Henrique Fendrich 28/01/2021
Grandes e complexas obras como essa sempre suscitam interpretações das mais variadas, e ainda mais quando se trata de um Kafka, que usava as alegorias como poucas vezes se viu. Também eu tenho as minhas interpretações a partir dessa singular história, que não são menos verdadeiras do que qualquer outra, já que o leitor é, afinal, o senhor da obra.
Logo de início, o que me chama a atenção no universo do Kafka é a incompreensão entre os seres humanos. As pessoas não se entendem umas às outras e também não conseguem se fazer entender, por mais que tentem se explicar. Cada indivíduo analisa o comportamento do outro a partir da sua lógica individual, mas as pessoas são muito diferentes entre si, de modo que invariavelmente se constata que elas não se comportam como nós poderíamos esperar.
Desse desencontro de expectativas nascem situações absurdas, mas também uma reação muito natural, que é a de um ser humano se precaver contra o outro.
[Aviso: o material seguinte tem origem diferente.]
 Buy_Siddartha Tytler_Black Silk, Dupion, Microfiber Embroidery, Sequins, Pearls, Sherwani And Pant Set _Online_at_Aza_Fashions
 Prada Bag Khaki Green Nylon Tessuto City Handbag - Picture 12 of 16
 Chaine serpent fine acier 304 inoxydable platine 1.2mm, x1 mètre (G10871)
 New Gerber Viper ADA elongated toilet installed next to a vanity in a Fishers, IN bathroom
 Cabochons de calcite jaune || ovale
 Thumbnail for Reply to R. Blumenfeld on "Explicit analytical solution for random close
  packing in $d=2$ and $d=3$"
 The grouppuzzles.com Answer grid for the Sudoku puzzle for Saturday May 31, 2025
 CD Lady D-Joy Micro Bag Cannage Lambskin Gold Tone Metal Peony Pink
Como ninguém se entende, pode-se esperar qualquer coisa de qualquer um, de maneira que a desconfiança é a regra e a maneira de assegurar que os projetos pessoais de cada um não serão frustrados.
Isso se expressa nas relações individuais, mas também nas coletivas. O "castelo" perseguido por K. ao longo do livro tem, entre as suas várias interpretações possíveis, a de Estado. Ora, o Estado é uma ficção criada pelo ser humano para melhor organizar a sua vida. Ocorre que, em certa medida, o Estado se torna também a incompreensão oficializada, institucionalizada. É uma batalha perdida tornar o Estado coeso em todas as suas intermináveis ramificações. Daí resulta que também o Estado, e vemos isso cotidianamente, é gerador de absurdos.
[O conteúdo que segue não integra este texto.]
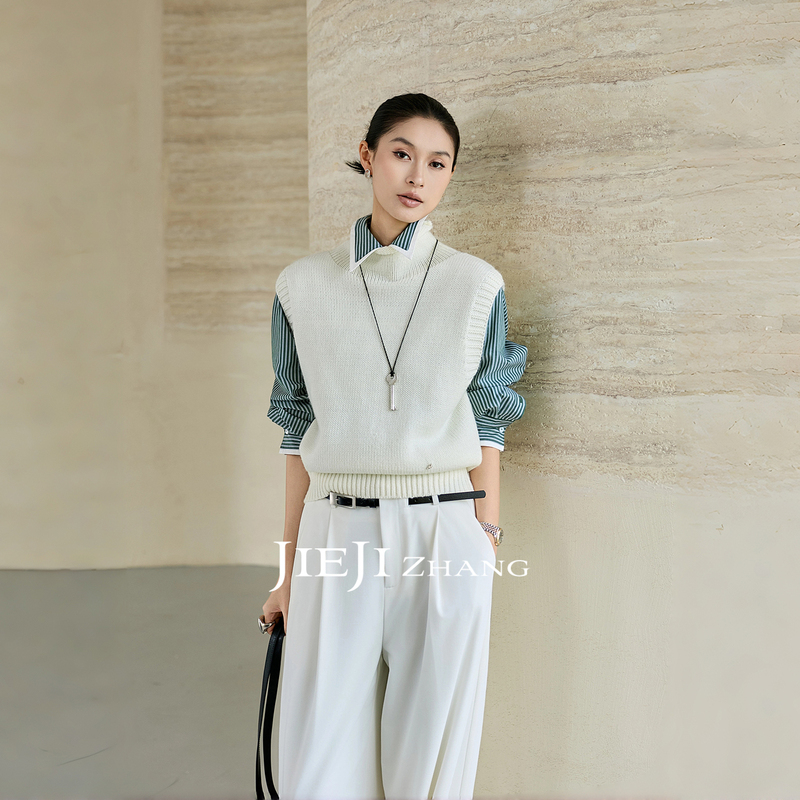 Zhang Qi Jieji Zhang [Qibai] Stand-Up Collar Knitted Vest for Women, Early Autumn Layering Outerwear, Sleeveless Vest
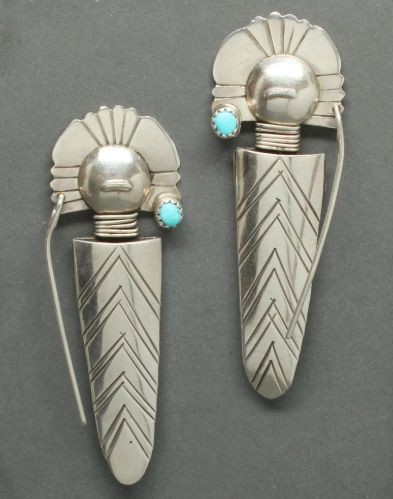 Long Silver Kachina Earrings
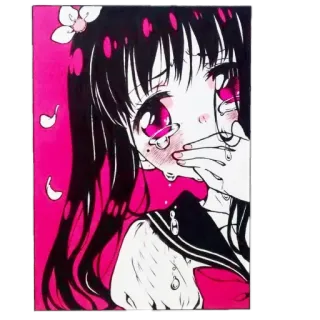 😰 アニメ, マンガ, 泣く, 悲しい, かわいい, 女の子, ピンク telegram sticker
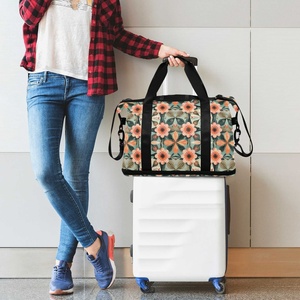 Hawaiian Lifestyle Custom Anthurium Flower Design Travel Foldable Bags Lightweight Large Sport Duffel Bag With Makeup Pouch - Product Image 6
Ao mesmo tempo, o Estado seduz, porque as figuras de autoridade que o operam representam uma possibilidade de segurança em meio a esse mundo onde ninguém se entende. Então acontecem essas duas coisas: quem está lá se esforça para ter o menor contato possível com os que não estão, pois eles são vistos como ameaça ao seu mundo pronto e acabado; os que não estão, por sua vez, darão a vida para estar, em uma lógica que lembra muito a dos concursos públicos, vistos como tábua de salvação para muita gente.
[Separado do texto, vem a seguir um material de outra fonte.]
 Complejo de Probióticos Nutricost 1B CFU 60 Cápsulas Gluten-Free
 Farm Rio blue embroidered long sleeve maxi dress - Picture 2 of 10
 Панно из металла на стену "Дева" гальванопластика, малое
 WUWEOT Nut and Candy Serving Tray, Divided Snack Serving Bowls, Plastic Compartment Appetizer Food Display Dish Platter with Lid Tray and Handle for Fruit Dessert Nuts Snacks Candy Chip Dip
Mais uma coisa me parece importante. Se não somos capazes de compreender ao outro, claro está que também não conseguiremos sentir compaixão por ele, pois esse é um sentimento que exige algum grau de identificação, e só nos identificamos com aquilo que entendemos minimamente. Se o outro é ameaça e motivo de desconfiança, não será digno da nossa compaixão, e nessa toada cometeremos muitas injustiças tão somente porque estamos completamente cegados pelos nossos próprios objetivos individuais.
Acresce-se que, quando as pessoas se dão conta de que foram compreendidas de modo errado, elas se empenharão em se explicar, e o livro é repleto de grandes "DRs" entre os personagens, mas sem que disso resulte uma maior compreensão entre eles, pois todos estão excessivamente convictos de si mesmos para poder acolher outras razões.
São coisas nas quais pensei enquanto lia esse grande livro, com personagens muito marcantes e uma trama pra lá de interessante, tudo isso reforçando a grande pena que representa o seu fim abrupto.